(Prompt) From top to bottom, print the listing word for word and skip any pictures it contains.

(Available records)
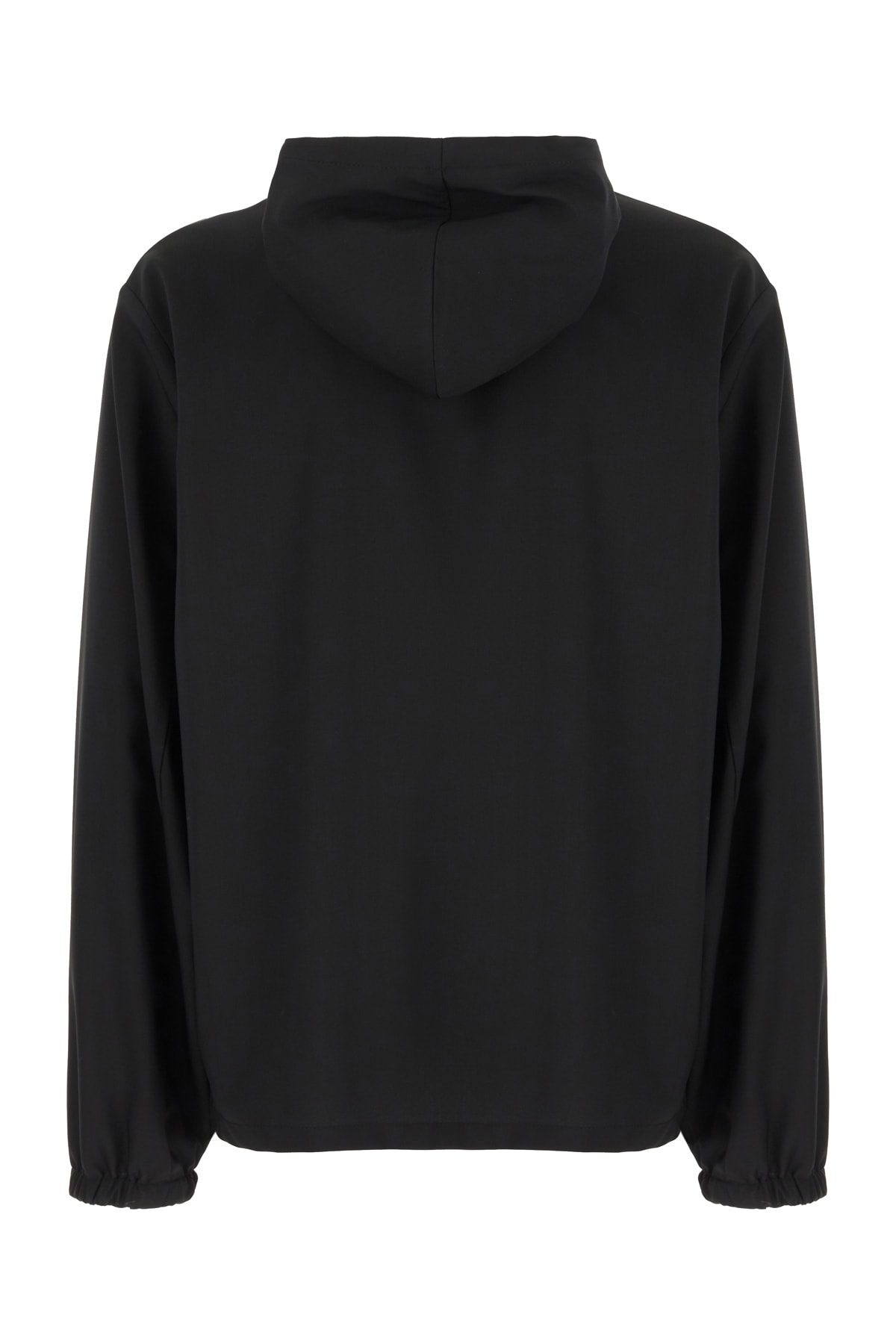 Shop Givenchy Black Wool Sweatshirt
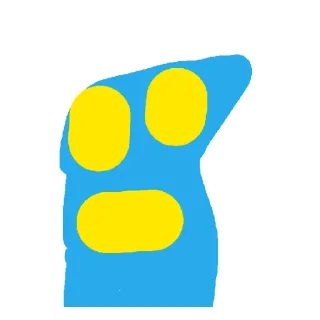 😱 emoji Стик Telegram sticker 10 of 14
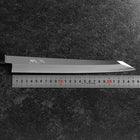 Kiritsuke Yanagiba Blue Steel #2 Kasumi Büffelhorn und Magnolienholz Griff 260mm-[Musashi]-[Japan-Küchenmesser]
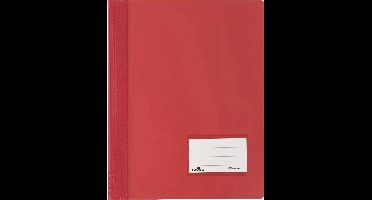 Durable DURALUX 268003 Snelhechtmap Rood DIN A4+ Etiketvenster (90 x 57 mm), Scheurbescherming, Binnentas (achterkant)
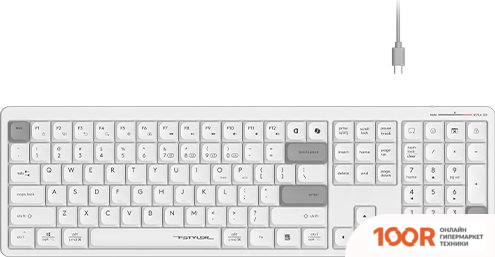 Клавиатура A4Tech FSTYLER FBX55C (БЕЛЫЙ) (70945)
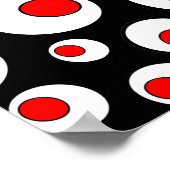 Abstrakte geometrische Coole Kreise Poster (Ecke)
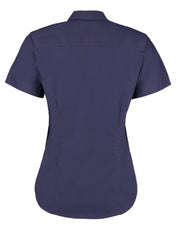 Kustom Kit Lady SS Tailored Oxford Shirt
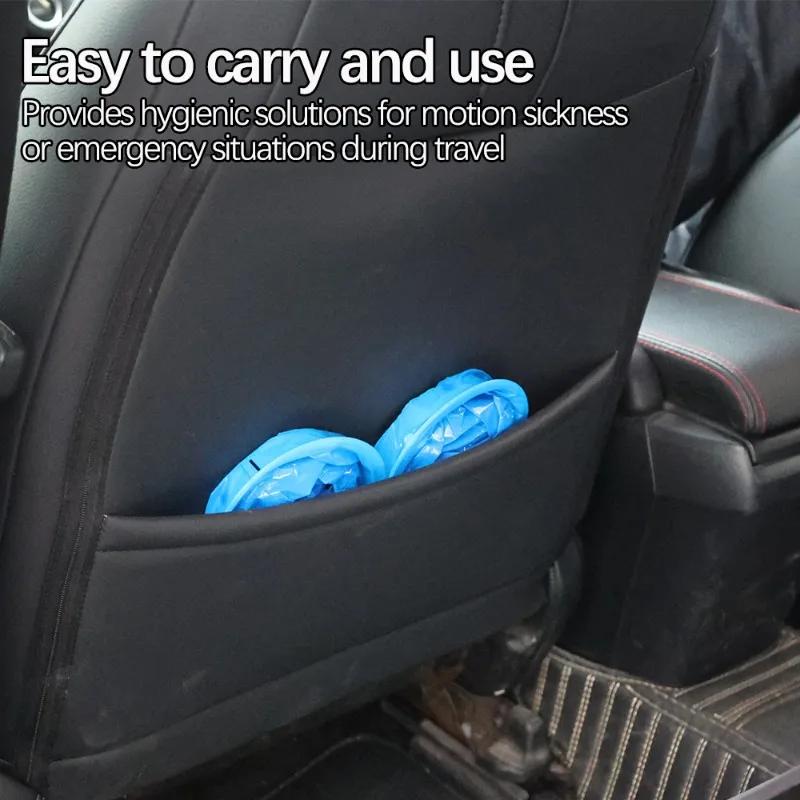 Disposable Car Cleaning Bags Portable Snap Ring Vomit Bag Pregnant Emergency Vomit Cleaning Bag Car Garbage Storage Bag 1000ML
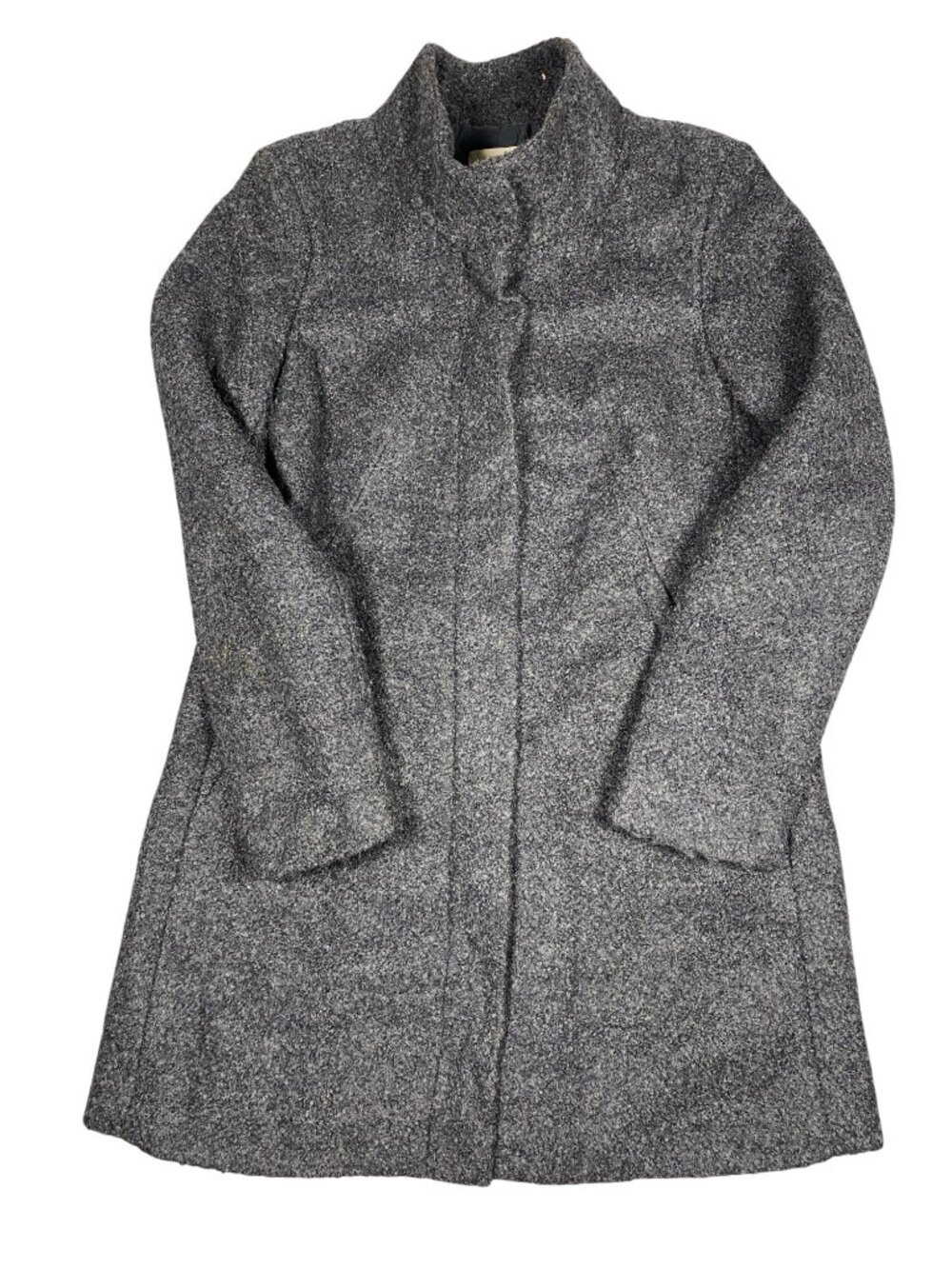 Loft Outlet Gray Coat Womens M Polyester Blend Mid-Length  Winter Coat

(Written response)
 Shop Givenchy Black Wool Sweatshirt
 😱 emoji Стик Telegram sticker 10 of 14
 Kiritsuke Yanagiba Blue Steel #2 Kasumi Büffelhorn und Magnolienholz Griff 260mm-[Musashi]-[Japan-Küchenmesser]
 Durable DURALUX 268003 Snelhechtmap Rood DIN A4+ Etiketvenster (90 x 57 mm), Scheurbescherming, Binnentas (achterkant)
 Клавиатура A4Tech FSTYLER FBX55C (БЕЛЫЙ) (70945)
 Abstrakte geometrische Coole Kreise Poster (Ecke)
 Kustom Kit Lady SS Tailored Oxford Shirt
 Disposable Car Cleaning Bags Portable Snap Ring Vomit Bag Pregnant Emergency Vomit Cleaning Bag Car Garbage Storage Bag 1000ML
 Loft Outlet Gray Coat Womens M Polyester Blend Mid-Length  Winter Coat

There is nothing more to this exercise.